Exercise instructions.
Since the records include pictures, leave those out while you reproduce exactly and only the lines from the one containing "19 N St Fort" through the one containing "1325 Temperance Street, Saskatoon, SK", inclusive.

Material for this task.
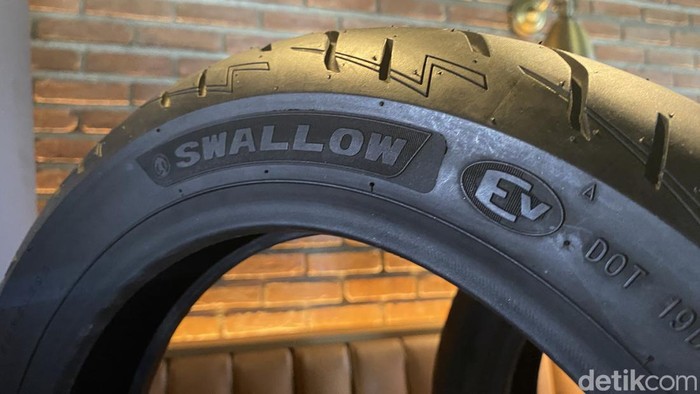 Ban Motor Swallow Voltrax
...
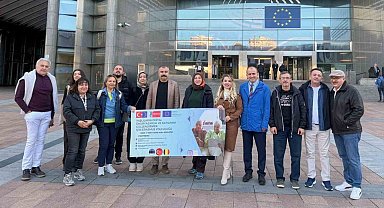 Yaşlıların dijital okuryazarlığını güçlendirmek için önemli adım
...
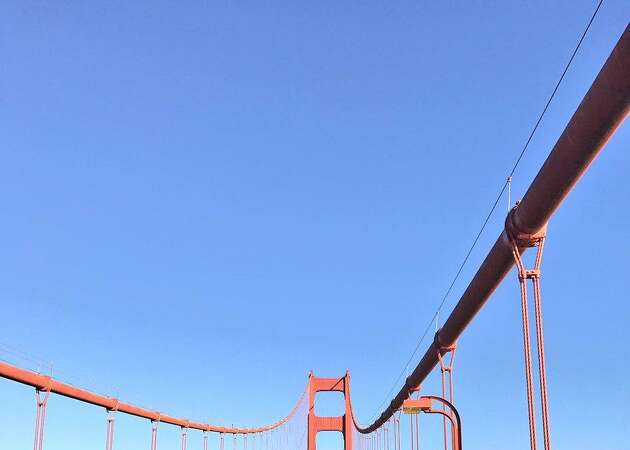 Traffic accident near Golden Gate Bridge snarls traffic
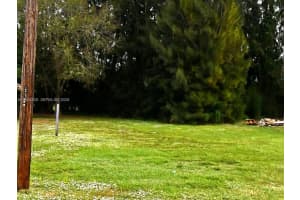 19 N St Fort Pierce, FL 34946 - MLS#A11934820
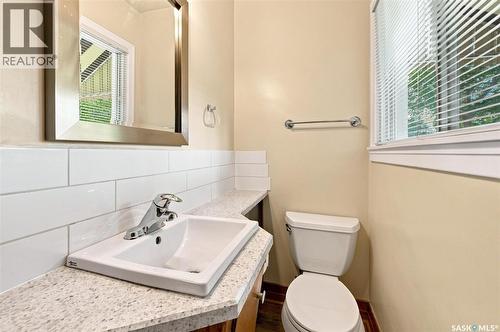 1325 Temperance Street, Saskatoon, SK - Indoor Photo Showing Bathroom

Output of the exercise.
 19 N St Fort Pierce, FL 34946 - MLS#A11934820
 1325 Temperance Street, Saskatoon, SK - Indoor Photo Showing Bathroom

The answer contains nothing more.